In 1918 the New Republic published Ridge’s sequence of poems called “The Ghetto.” The poem instantly drew attention, and later that year she published this and other poems in The Ghetto and Other Poems. Likely influenced by her own experience living on the Lower East Side, many of the forty-three free-verse poems explore the life of Jewish immigrants in New York City’s ghettos. Critics found the work rough but powerful. Ridge began publishing more of her poetry in journals such as the Dial, the New Republic, Poetry and the Literary Digest.
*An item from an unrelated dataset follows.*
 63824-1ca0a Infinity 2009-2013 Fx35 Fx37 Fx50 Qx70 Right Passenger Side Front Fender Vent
Ridge became involved with a circle of poets involved in the journal Others, including William Carlos Williams, Alfred Kreymborg, Marianne Moore, and Waldo Frank. She worked as an associate editor of the journal until 1919, traveling to Chicago as a lecturer for The Others Lecture Bureau. Ridge held regular gatherings in her home even after Others ceased publication.
In 1920 Ridge published a new book, Sun-up, and Other Poems, a collection of free-verse imagist poems. The title poem, based on Ridge’s childhood, made the greatest impression on critics.
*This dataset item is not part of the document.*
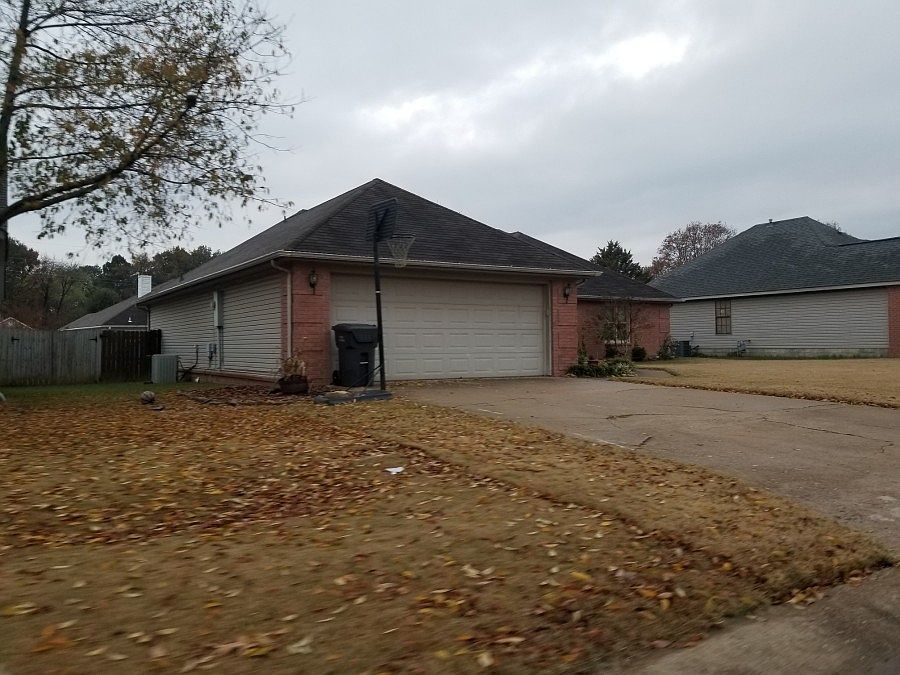 2nd image of 5429 Summer Pl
Ridge became the American editor for Harold Loeb’s Broom in 1922. As part of her pay, she received the use of an apartment adjacent to the office in the basement of Loeb’s estranged wife, Marjorie Content. What little salary Ridge earned was just barely enough to cover her living expenses. Ridge was assertive in her capacity, insisting on occasionally publishing an all-American edition to give Loeb a vacation and Europe greater exposure to American art. Ridge held weekly Broom salons, at which she momentarily gave up her vow of poverty to feed tea and cakes to other writers. She also provided encouragement to writers and gathered pieces for Broom. An artist involved with the magazine, Matthew Josephson, author of Life among the Surrealists: A Memoir, felt Ridge was often frustrated by Loeb’s rejection of her recommendations. Whether or not this is true, Ridge did resign over Loeb and Matthew Josephson’s increasingly modernist, avant-garde and Dadaist choices. Idealistic and political, she found herself at odds with strict modernism.
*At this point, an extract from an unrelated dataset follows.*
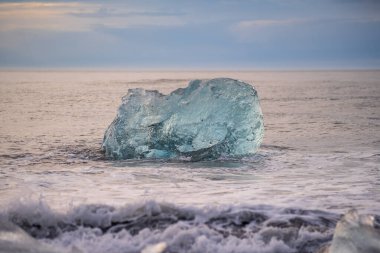Jokulsarlon Buzul Gölü İzlanda yakınlarında elmas plajı.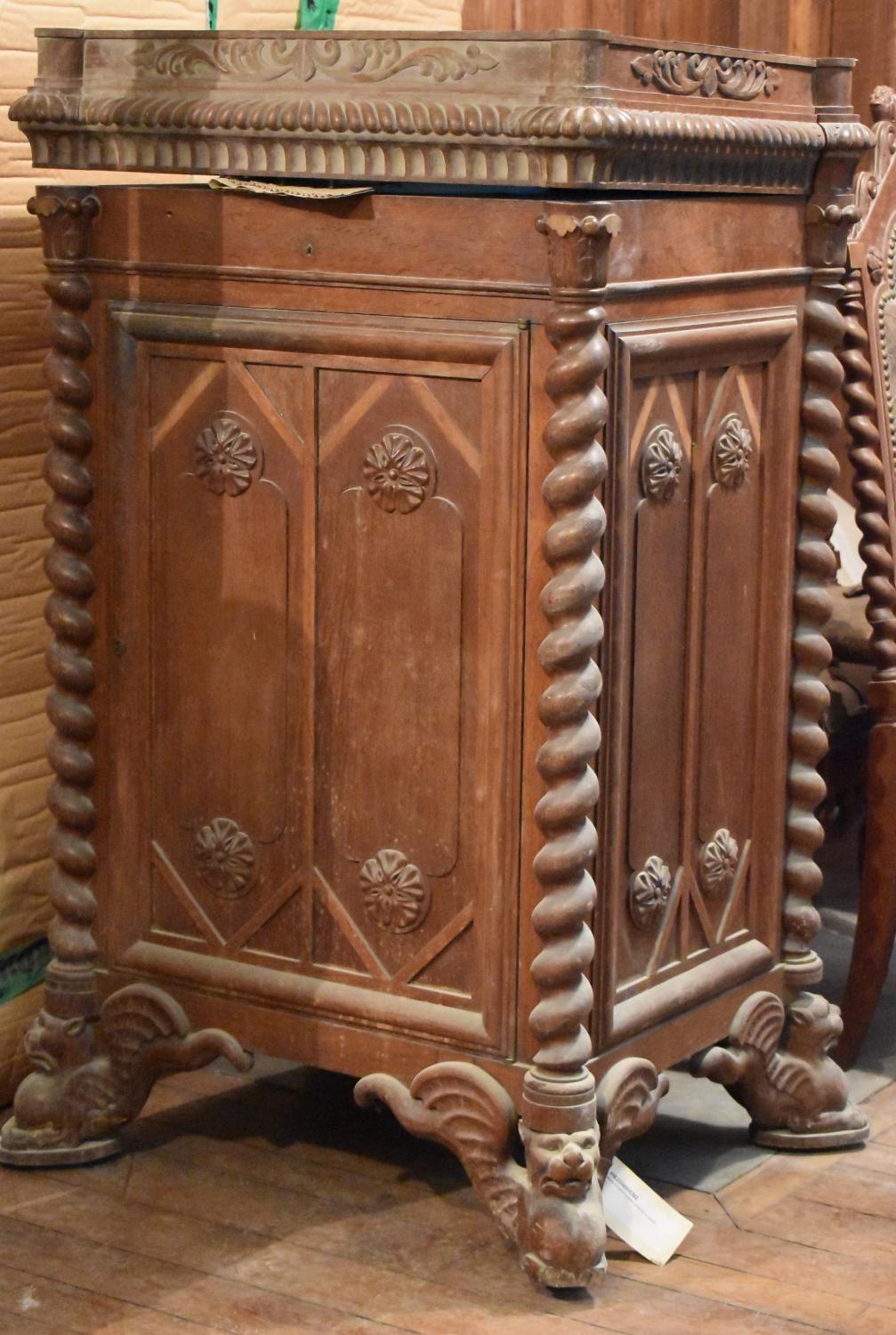 Ensemble de 14 chaises, une banquette, deux fauteuils, une toilette dite barbière lavabo provenant du château de Maulmont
In the following years, Ridge’s own work became stylistically conservative, often veering towards the mystical and spiritual. She remained an active social protestor, and in 1927 she published Red Flag, a collection of poems celebrating the Russian revolution. Babette Deutsch praised the book in New York Herald Tribune Books when she wrote, “The fire, the earnestness, the bitter and honey savors are here as in her earlier work. She has been wrought upon by the years on their passing, but she has not been changed by them.” In 1929 Ridge went to the artist retreat Yaddo in upstate New York to complete her next work, Firehead.
Ridge traveled to Mexico on a Guggenheim Fellowship in 1935, and published Dance of Fire, a less successful book. Though Ridge’s fire and light metaphors for humanity’s revolutionary spirit have occurred in previous work, her language and symbolism are more opaque in Dance of Fire.
Lola Ridge died May 19, 1941, in her home in Brooklyn, at the age of 67.
Ridge did not join any political party, but was active in radical causes. She protested against the executions of Sacco and Vanzetti in 1927, and was among those arrested that day. In the 1930s, she supported the defence of Tom Mooney and Warren Billings, who had been framed for a 1916 bombing at the Preparedness Day Parade in San Francisco.
Lola married Peter Webster, a gold mine manager, in 1895. After the divorce she married David Lawson on October 22, 1919.